Algunas veces parecería que los que escriben la historia argentina hoy, lo hacen en otro país. Yo les voy a contar una pequeña história de la que fui involuntario testigo hace unos 45 años (tengo 58). Mi padre me llevó a visitar una familia que vivía en la calle Charcas, hoy Marcelo T de Alvear, casi esquina Callao. Un caserón que hoy es una cochera. Alli vivían unos amigos suyos de apellido Ramirez, y vivía una señora de en esa época unos 90 años que era la abuela de la mcasa. Doña Aromita. Ella siendo niña había sobrevivido a un malón. Es decir, alla por 1968 vivian aun algunas personas que fueron protagonistas de la epoca en que la gente moria o era cautivada por indígenas rebeldes que hacían malones contra las poblaciones fronterizas y existía una frontera interior que caomenzó a morir en 1879 con la campaña mal llamada al desierto.
Voy a agregar otro dato de interés: mi bisabuelo era David Cedric LLewellynn, galés, oficial de inteligencia de la armada británica, destinado a Chile en 1875. De sus cartas y de sus notas y de las historias familiares sabemos que su misión era capacitar militarmente a los araucanos de uno y otro lado de la cordillera (ambos lados se consideraban chilenos enbtonces) y organizarlos para que obtuvieran carne. Por eso el principal objetivo de los malones era la hacienda.Una vez que la hacienda llegaba a las costas chilenas, era faenada, la carne salada y preparada para ser enviada a las colonias británicas en el pacífico. Los puertos chilenos eran base natural de la flota británica. Pero lo más importante era el cuero, ya que constituía un material estratégico para el ejército inglés. Mi bisabuelo presenció matanzas completas de otras tribus que se interponían entre los araucanos, hoy llamados mapuches, y la hacienda. Por lo tanto, la historia es mucho más rica de lo que nos cuentan y los mapuches fueron el instrumento de los británicos. Mi bisabuelo llegó acompañando un malón hasta las proximidades de Dolores, donde fue herido y dado por muerto. Tomado por un criollo atacado por indios, fue atendido y curado en un poblado cercano, donde conoció a mi bisabuela y allí se quedó, y así la familia llega hasta hoy.

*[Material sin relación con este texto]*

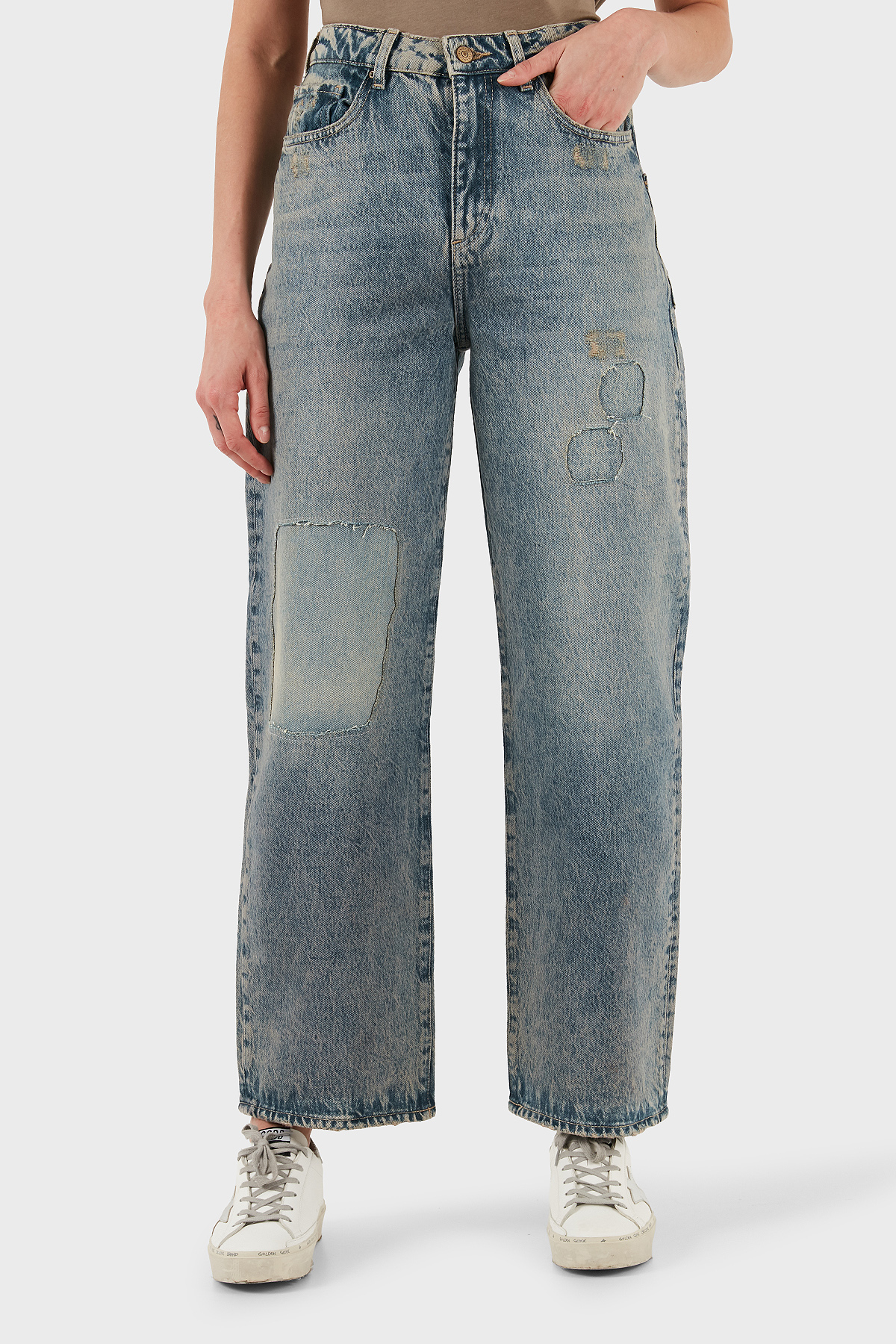 Armani Exchange Pamuklu Relaxed Fit Normal Bel Düz Paça Jeans Kadın Kot Pantolon XW000100 AF14483 MB001 BEJ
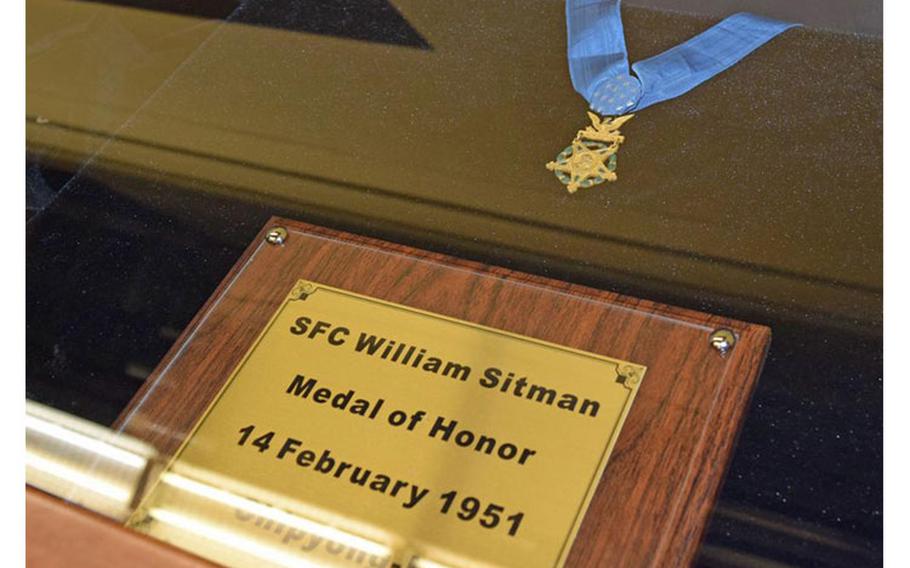 One of the most treasured artifacts at the 2nd Infantry Division, Eighth Army and Korean Theater of Operations Museum on U.S. Army Garrison Humphreys, South Korea, is the Medal of Honor belonging to Sgt. 1st Class William Sitman who was killed during the Battle of Chipyong ni in 1951. Sitman Gym on Camp Humphreys is named after him.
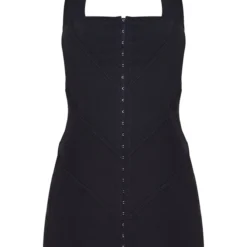 Robe Moulante Dos Nu En Maille Tissée Stretch Noire à Oeillets & Crochets -Jolie Vêtue Soldes Magasin 957c7ec4b7a7cac4739e8c2b9d4c159f920c3382 cnd5852 5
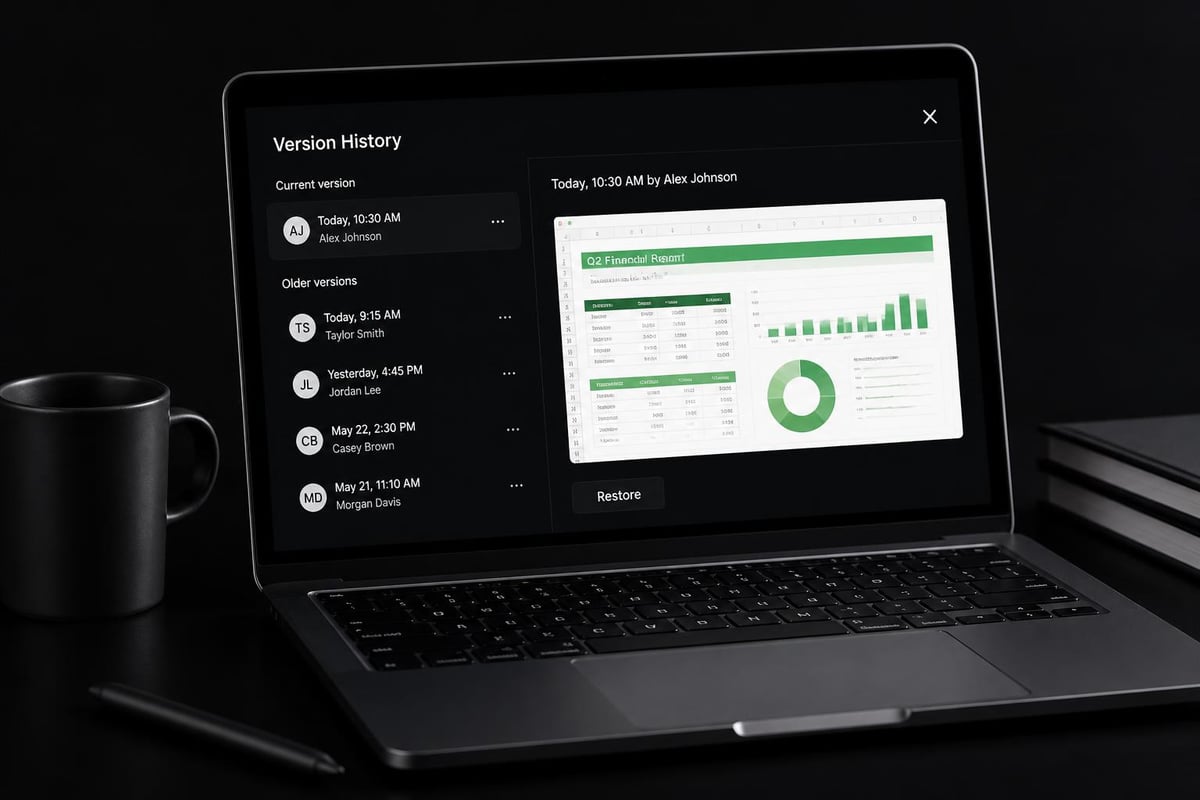 Excel version history interface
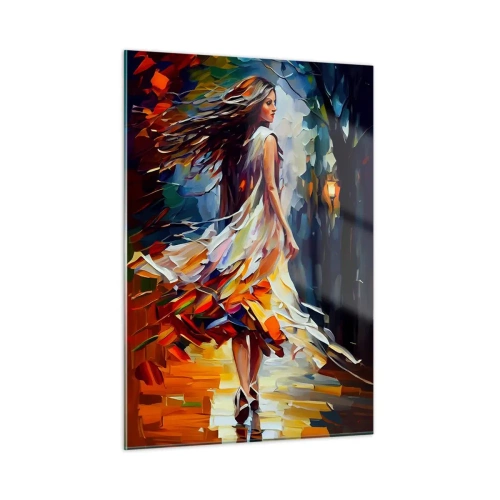 Glass picture - Autumn Girl - 50x70 cm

No parece muy serio empezar un artículo defendiéndose de que los lectores acusen al autor de «quién sabe qué cosas» o de que le reclamen «quién sabe qué». El autor debe expresar sus ideas con precisión y claridad; y los lectores sabrán cómo reaccionar, sin necesidad de que anticipen sus comentarios.
Respecto de la cuestión en sí, baste decir que el corrimiento activo de la frontera (en contraposición a la defensa estática de la «zanja de Alsina»), incorporó un millón de hectáreas a las tierras productivas argentinas. Ese descomunal incremento fue el fundamento de la extraordinaria expansión productiva de la Argentina a fines del siglo XIX. Los que hoy en día pretenden derribar el monumento a Roca del Centro Cívico de Bariloche están absolutamente desenfocados. Si la Argentina no efectivizaba su soberanía y el Estado no imponía su jurisdicción en ese amplio espacio, no hubiera pasado mucho tiempo antes de que otra bandera ondeara sobre las actuales provincias de La Pampa, Neuquén, sur de Mendoza, Río Negro, Chubut, Santa Cruz y Tierra del Fuego. Y esa bandera no hubiera sido precisamente el cocoliche multicolor que inventaron los actuales «indigenistas».
¿Qué significa eso de nuestros indígenas?¿De quién sonlos indígenas? Los indígenas son personas. Luego ni son nuestro ni de nadie. Vaya lenguaje…sin comentarios.
¡Extraordinario aporte el de la señora Natalia de Larrechea! Pero también absolutamente ignorado… Asistimos desde hace años a la construcción de una narración histórica parcializada, que esconde deliberadamente hechos que son significativos pero que no encajan en lo que pretende ser la “nueva historia oficial”. Y así, la mentira repetida y abonada por actores sociales importantes (funcionarios de gobierno, personalidades de la cultura, del arte, de los medios de comunicación), en lugares y momentos importantes, no contradicha por quienes están en condiciones de hacerlo, se transforman ante el Pueblo en verdades.